* [WORK INSTRUCTION] The entries are to be returned exactly, with images left out.

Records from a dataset
*-*-*
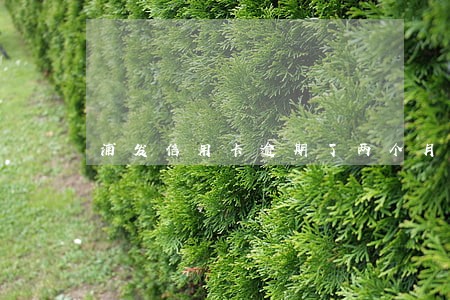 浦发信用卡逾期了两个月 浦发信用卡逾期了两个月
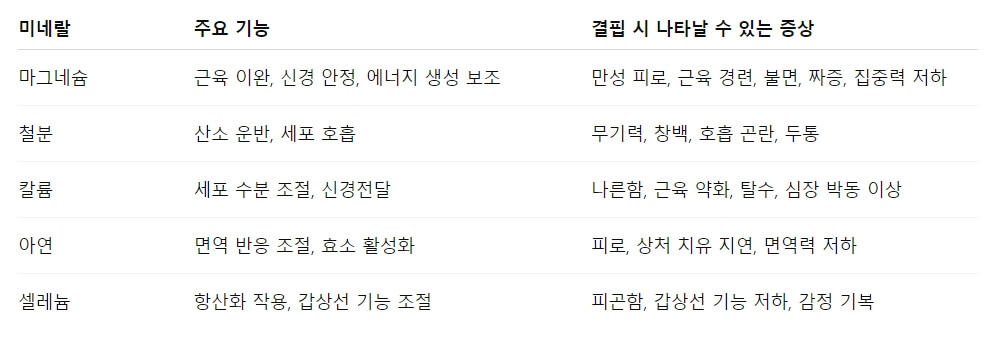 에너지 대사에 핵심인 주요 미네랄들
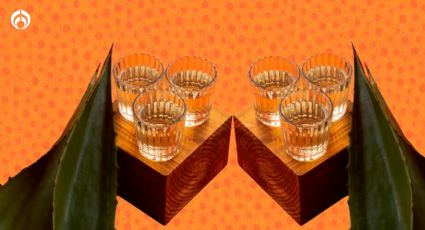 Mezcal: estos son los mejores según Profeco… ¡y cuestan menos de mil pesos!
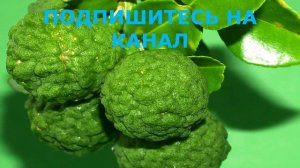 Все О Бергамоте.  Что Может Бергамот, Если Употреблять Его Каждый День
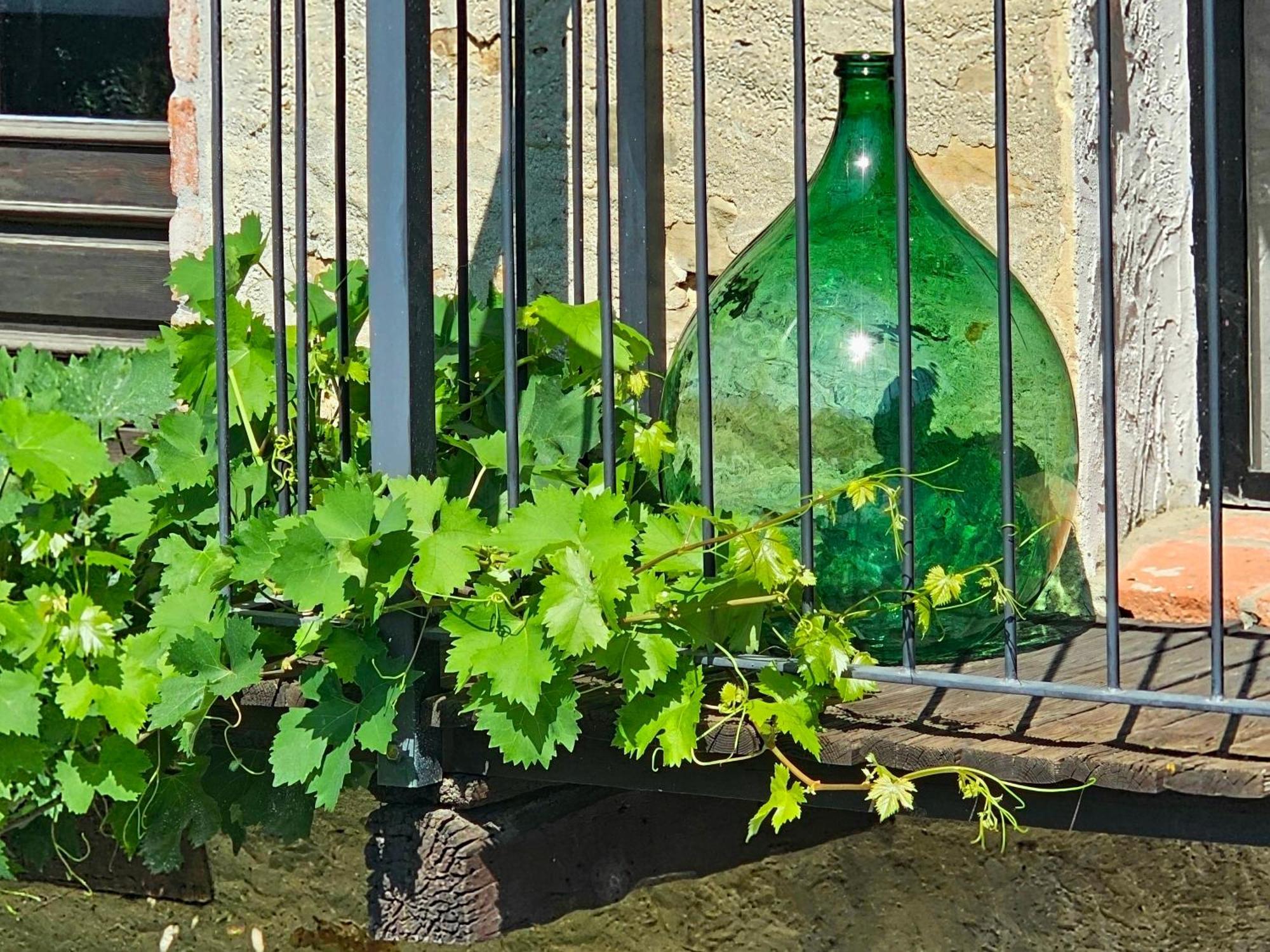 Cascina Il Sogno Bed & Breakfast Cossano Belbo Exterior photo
*-*-*
* [EXERCISE RESPONSE]
 浦发信用卡逾期了两个月 浦发信用卡逾期了两个月
 에너지 대사에 핵심인 주요 미네랄들
 Mezcal: estos son los mejores según Profeco… ¡y cuestan menos de mil pesos!
 Все О Бергамоте.  Что Может Бергамот, Если Употреблять Его Каждый День
 Cascina Il Sogno Bed & Breakfast Cossano Belbo Exterior photo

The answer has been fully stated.